On the other side, many AI pros say super-smart AI is not near. But they use reasons I do not all trust. Example:
- They say: “These tasks are too hard for LLMs.” But we have seen LLMs solve tasks that once seemed too hard, with no clear theory on why.
- They say: “LLMs have a built-in limit in each pass.” Yes, but you can do many passes, or plug in other layers, or train a blend of tools (like mix a CNN and a transformer).
- They say: “We will run out of data,” but we might fix that by training small steps first, then using the model to make more data. I am not sure, since I am not an expert.
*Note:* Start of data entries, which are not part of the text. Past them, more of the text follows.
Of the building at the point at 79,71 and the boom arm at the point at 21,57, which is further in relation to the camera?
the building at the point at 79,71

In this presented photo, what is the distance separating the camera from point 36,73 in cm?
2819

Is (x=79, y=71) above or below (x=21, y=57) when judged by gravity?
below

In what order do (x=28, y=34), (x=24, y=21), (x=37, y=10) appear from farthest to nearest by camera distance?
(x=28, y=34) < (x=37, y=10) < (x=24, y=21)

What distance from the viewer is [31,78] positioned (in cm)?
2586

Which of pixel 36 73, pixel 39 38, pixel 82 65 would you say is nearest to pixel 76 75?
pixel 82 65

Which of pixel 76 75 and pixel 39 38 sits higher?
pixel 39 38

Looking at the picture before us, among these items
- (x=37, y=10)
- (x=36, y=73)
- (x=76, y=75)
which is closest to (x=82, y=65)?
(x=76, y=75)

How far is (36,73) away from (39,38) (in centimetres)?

But it could work.
Why 30% Chance the AI Kills Us All If It Arrives?
- I do think a misaligned AI is likely if it is super bright. It might find ways to trick or hack us.
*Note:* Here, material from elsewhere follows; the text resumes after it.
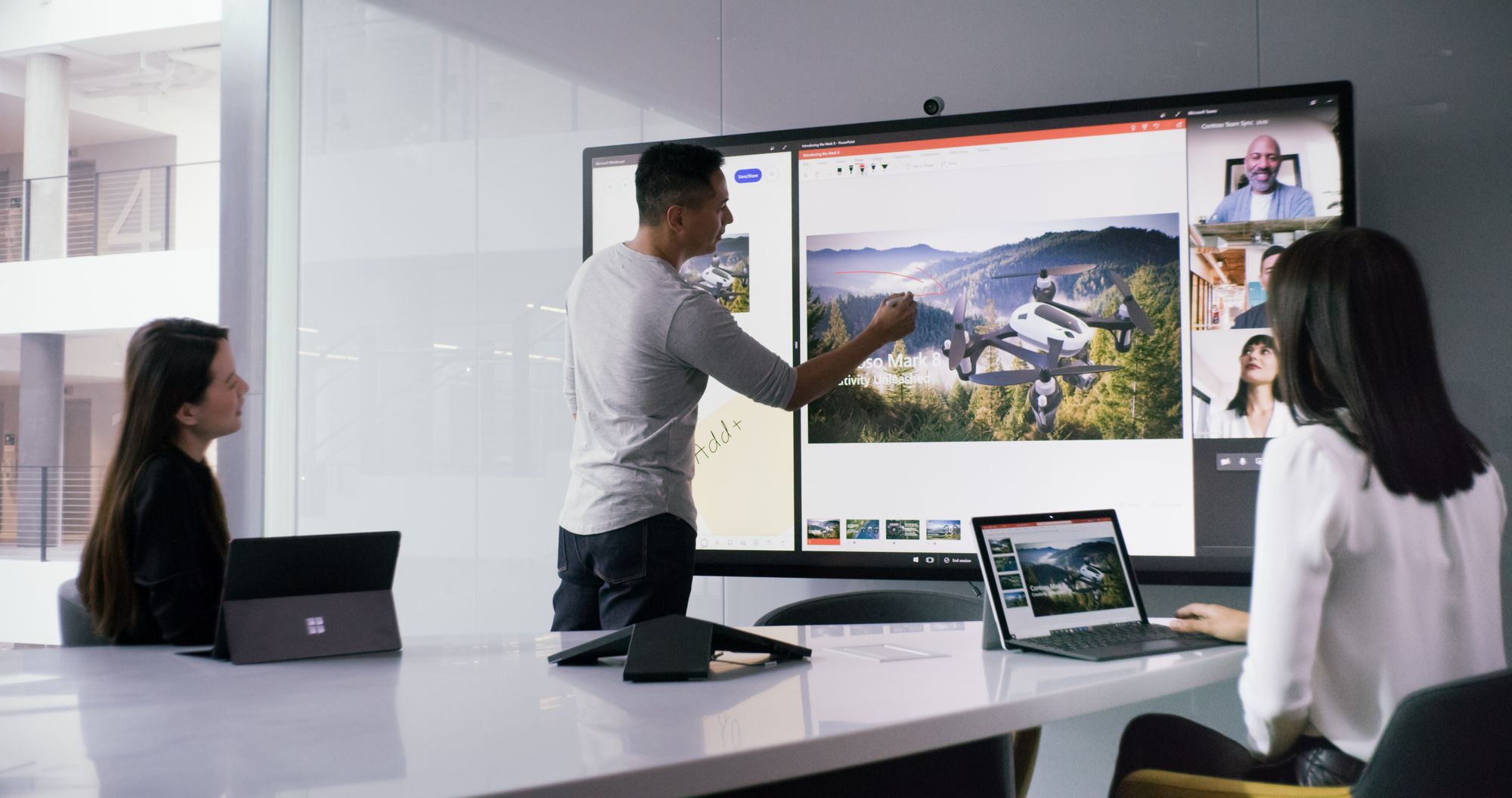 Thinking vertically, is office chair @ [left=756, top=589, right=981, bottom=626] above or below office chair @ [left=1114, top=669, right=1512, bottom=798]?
below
- But I also think a good “AI box” can stop it, maybe more than some LW folks think.
- I guess we will not be caught by surprise. A lab that builds such an AI would have many staff who see the risk.
- If a boxed AI shows it might be unsafe, the world may then see the need to pause further AI work. I have some trust that politics can do that once danger is clear.
- I am not fully sure how an AI thinks of code, chips, and real-world stuff. It might know how bits map to electrons, but I do not know if that leads it to break out.
Final Notes
Please do not just copy my view: form your own. Check many sources. If you want to build super-smart AI, I urge you to pause and think first. I do not want us to build it by 2030 unless we fix key parts of society.
I am not 100% sure on any of this. A bit of strong proof could change my mind. So if you have such proof, let me know!